» **Data shown**:
↓

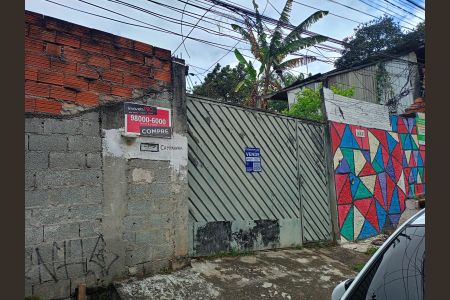 Casa para alugar com 150m², 2 quartos e 4 vagasFachada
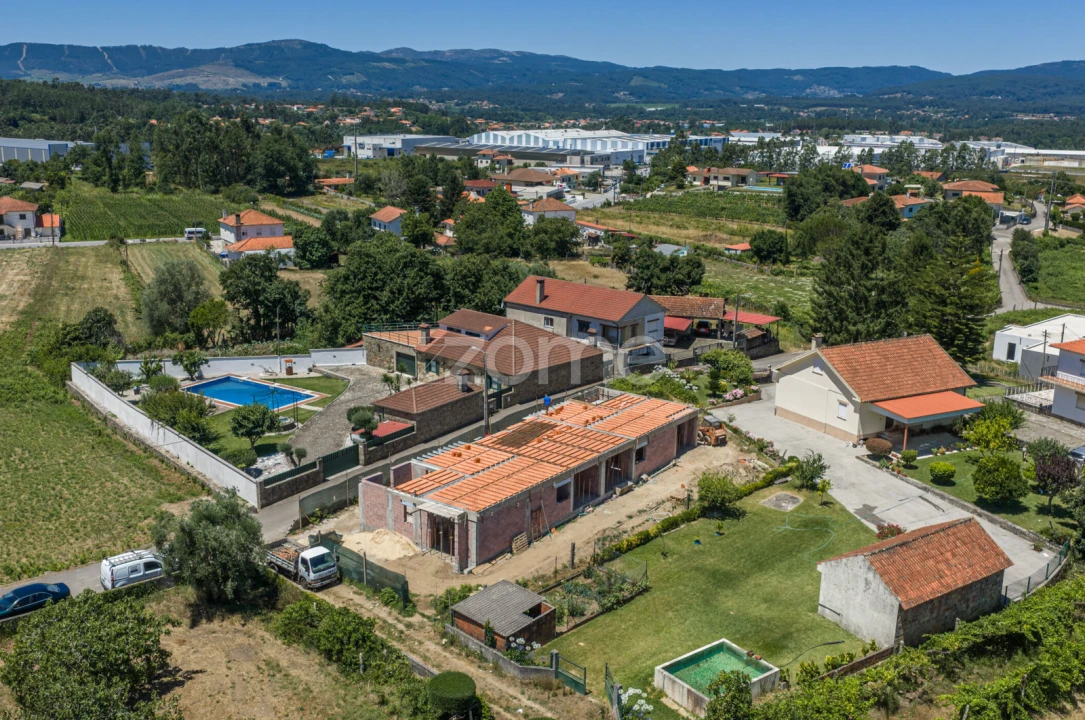 Moradia T3 para Venda em Cornes Foto 19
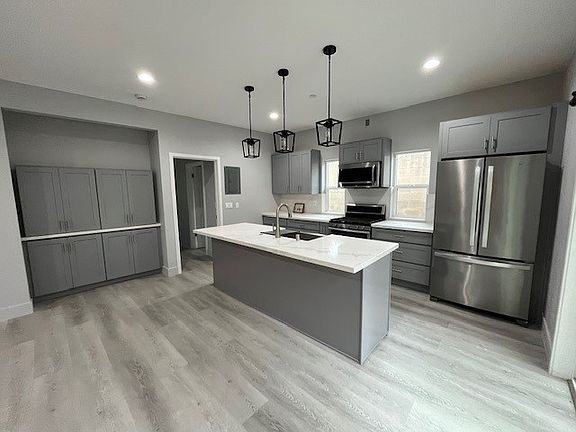 4th image of 17408 Teachers Ave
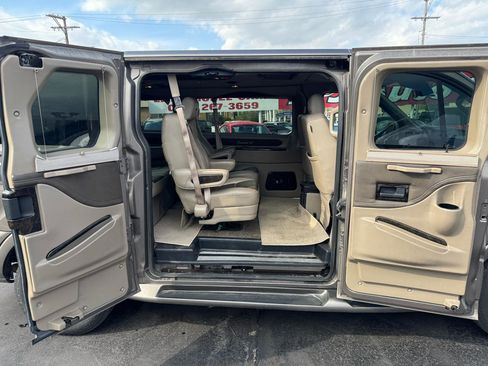 Used 2018 Ford Transit 150 130 Low Roof w/ Exterior Upgrade Package RWD image 9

↑

Everything in the material except the pictures should be restated word for word.

» **Solution to this task**:
 Casa para alugar com 150m², 2 quartos e 4 vagasFachada
 Moradia T3 para Venda em Cornes Foto 19
 4th image of 17408 Teachers Ave
 Used 2018 Ford Transit 150 130 Low Roof w/ Exterior Upgrade Package RWD image 9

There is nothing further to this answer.